#### Input
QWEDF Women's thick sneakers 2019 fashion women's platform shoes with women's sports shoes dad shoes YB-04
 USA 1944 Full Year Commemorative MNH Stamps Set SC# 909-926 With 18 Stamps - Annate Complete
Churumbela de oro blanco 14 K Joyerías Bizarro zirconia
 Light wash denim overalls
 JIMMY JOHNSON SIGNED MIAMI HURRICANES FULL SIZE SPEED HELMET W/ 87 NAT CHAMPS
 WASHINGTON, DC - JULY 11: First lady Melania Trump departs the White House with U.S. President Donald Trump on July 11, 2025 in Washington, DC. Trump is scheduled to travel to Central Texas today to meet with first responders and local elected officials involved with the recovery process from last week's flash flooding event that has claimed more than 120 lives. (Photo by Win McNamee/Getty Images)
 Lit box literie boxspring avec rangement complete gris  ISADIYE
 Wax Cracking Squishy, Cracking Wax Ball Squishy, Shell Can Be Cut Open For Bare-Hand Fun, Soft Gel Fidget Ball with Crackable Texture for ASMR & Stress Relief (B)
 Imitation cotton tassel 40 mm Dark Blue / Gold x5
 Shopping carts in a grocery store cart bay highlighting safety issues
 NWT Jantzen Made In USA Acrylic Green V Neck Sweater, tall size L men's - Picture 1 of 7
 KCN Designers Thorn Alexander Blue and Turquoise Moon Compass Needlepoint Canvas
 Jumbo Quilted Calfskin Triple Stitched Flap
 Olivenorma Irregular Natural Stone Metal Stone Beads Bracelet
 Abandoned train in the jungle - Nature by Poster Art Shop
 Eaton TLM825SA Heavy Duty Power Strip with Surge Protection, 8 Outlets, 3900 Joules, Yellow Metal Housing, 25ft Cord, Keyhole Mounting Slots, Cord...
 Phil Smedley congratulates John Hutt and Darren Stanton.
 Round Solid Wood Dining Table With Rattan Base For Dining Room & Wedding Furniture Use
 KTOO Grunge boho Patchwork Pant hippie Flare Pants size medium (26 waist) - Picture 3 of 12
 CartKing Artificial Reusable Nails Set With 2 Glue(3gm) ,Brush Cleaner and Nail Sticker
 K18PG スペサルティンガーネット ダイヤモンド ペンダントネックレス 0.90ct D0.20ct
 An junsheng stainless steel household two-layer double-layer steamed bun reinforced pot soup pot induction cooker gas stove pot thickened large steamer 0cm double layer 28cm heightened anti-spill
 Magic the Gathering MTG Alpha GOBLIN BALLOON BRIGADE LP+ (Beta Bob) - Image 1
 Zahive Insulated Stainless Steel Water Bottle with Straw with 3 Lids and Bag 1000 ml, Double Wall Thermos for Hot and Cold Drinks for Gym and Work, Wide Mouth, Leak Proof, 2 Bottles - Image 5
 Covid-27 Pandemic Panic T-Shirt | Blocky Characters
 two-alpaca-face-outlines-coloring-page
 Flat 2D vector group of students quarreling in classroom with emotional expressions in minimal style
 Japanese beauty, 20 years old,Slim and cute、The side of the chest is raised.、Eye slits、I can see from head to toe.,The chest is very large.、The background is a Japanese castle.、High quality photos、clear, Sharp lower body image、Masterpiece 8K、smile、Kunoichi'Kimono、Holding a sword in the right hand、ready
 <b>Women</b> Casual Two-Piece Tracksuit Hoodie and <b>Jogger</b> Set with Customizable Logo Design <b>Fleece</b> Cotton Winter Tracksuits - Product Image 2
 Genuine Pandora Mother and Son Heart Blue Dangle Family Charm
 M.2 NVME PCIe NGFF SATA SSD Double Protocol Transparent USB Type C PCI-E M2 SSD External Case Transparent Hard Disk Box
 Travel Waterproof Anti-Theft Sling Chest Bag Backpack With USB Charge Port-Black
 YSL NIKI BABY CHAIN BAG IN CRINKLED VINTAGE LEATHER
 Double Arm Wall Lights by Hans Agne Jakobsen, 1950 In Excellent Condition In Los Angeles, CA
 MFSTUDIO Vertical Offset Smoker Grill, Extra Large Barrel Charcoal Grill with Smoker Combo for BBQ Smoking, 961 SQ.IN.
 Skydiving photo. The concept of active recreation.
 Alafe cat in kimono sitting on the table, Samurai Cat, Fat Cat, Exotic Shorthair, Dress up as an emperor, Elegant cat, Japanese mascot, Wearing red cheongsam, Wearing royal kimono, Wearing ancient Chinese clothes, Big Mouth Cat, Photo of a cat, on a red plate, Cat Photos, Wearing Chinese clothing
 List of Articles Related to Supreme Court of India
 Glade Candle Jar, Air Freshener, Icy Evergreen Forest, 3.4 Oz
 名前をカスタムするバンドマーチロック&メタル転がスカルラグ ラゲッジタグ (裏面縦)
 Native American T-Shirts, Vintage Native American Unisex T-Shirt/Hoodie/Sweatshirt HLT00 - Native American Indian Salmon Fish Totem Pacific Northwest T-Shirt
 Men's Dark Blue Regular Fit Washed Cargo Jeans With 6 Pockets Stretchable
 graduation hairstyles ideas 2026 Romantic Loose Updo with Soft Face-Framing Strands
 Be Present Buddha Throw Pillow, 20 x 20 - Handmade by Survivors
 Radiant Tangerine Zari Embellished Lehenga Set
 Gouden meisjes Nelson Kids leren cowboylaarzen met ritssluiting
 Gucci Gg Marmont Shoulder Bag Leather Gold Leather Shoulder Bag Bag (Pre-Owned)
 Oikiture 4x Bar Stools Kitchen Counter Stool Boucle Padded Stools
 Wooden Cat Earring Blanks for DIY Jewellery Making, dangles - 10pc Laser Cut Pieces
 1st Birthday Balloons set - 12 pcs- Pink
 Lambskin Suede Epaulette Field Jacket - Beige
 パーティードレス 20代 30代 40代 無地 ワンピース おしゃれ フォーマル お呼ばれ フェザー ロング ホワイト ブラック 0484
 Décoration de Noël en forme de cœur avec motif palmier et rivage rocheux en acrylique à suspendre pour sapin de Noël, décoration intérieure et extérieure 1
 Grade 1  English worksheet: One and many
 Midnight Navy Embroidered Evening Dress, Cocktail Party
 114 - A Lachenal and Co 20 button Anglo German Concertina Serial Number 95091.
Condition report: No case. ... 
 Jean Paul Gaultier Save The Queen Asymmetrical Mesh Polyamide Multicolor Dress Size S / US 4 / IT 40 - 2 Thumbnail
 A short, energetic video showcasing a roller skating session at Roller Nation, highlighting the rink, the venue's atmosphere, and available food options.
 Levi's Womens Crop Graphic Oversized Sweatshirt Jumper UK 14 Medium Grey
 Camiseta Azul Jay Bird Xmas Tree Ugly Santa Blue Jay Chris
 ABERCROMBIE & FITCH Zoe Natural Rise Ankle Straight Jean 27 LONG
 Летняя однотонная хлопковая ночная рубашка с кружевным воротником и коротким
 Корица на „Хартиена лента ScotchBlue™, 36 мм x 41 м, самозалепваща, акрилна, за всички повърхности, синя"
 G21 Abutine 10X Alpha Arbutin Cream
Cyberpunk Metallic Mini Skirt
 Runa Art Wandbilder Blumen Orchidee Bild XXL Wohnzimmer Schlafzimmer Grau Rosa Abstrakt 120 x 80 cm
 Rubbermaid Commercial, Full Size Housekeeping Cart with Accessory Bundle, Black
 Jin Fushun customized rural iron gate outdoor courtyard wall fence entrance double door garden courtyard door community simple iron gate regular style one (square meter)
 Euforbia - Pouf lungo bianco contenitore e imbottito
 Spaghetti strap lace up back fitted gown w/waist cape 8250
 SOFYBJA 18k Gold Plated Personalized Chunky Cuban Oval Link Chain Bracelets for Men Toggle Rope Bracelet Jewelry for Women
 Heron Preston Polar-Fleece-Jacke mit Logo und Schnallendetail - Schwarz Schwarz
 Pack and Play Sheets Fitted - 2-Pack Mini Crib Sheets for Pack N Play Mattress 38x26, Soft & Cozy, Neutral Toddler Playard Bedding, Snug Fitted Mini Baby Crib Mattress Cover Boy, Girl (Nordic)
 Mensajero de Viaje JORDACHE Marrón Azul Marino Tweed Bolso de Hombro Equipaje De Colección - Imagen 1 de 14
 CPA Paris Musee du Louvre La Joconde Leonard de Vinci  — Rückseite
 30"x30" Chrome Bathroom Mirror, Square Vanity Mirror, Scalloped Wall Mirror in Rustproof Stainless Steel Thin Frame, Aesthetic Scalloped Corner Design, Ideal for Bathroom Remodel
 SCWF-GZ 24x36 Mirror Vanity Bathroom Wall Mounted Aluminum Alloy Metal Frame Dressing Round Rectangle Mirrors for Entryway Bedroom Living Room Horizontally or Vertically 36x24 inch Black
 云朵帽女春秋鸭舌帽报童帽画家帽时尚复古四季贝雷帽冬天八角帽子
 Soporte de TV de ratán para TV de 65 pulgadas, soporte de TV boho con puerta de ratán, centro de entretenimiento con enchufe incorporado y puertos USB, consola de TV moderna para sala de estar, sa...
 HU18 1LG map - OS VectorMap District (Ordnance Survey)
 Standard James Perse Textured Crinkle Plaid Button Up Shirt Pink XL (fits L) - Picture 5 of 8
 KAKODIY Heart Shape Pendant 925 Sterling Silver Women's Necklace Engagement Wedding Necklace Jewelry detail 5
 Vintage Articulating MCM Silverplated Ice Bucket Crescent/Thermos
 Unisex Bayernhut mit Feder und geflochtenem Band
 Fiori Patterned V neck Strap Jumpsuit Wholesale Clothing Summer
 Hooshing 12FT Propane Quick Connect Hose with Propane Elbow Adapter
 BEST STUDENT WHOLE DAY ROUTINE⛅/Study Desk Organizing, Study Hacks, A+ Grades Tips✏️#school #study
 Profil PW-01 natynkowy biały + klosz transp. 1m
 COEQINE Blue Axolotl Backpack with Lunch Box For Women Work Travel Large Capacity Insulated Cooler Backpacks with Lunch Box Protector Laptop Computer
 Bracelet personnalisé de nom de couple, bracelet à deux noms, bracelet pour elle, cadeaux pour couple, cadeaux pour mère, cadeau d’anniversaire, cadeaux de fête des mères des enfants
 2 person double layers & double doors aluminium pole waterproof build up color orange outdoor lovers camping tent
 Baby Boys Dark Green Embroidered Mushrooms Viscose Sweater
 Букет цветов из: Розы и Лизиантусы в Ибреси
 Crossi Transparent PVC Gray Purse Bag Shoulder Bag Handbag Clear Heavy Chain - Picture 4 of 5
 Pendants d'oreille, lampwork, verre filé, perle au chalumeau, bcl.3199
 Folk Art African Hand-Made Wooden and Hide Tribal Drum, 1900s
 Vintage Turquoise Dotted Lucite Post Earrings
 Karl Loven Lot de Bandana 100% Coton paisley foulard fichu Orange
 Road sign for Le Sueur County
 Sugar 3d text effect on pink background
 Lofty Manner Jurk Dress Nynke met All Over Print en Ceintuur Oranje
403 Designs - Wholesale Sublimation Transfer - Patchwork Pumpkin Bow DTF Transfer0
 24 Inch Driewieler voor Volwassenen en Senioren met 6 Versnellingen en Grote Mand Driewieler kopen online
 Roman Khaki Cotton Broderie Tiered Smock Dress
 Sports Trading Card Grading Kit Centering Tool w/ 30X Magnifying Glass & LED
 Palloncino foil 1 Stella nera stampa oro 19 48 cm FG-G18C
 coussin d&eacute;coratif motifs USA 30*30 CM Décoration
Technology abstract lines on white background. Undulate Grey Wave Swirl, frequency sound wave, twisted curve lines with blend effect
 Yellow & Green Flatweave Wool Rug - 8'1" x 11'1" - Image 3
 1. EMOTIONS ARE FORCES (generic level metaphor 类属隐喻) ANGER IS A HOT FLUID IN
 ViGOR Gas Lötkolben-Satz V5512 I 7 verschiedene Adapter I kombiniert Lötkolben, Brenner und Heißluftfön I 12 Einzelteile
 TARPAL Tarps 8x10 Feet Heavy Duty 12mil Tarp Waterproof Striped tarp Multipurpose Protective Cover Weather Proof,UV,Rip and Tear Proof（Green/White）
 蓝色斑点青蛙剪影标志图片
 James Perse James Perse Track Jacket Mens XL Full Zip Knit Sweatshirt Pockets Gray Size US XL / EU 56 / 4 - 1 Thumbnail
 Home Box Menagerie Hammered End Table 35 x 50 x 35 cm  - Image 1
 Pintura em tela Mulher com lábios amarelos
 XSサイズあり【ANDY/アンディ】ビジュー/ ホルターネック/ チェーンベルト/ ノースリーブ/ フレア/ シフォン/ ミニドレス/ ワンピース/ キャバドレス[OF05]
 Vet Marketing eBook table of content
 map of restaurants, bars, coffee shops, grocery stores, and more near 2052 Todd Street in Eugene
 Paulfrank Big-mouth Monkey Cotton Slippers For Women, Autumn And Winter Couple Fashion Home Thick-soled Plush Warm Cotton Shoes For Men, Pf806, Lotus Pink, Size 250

#### Exercise details
Start at the first line of the entries and stop at the line that contains "Light wash denim overalls". Repeat every line in that span exactly, and nothing beyond it.

#### Solution for this problem
QWEDF Women's thick sneakers 2019 fashion women's platform shoes with women's sports shoes dad shoes YB-04
 USA 1944 Full Year Commemorative MNH Stamps Set SC# 909-926 With 18 Stamps - Annate Complete
Churumbela de oro blanco 14 K Joyerías Bizarro zirconia
 Light wash denim overalls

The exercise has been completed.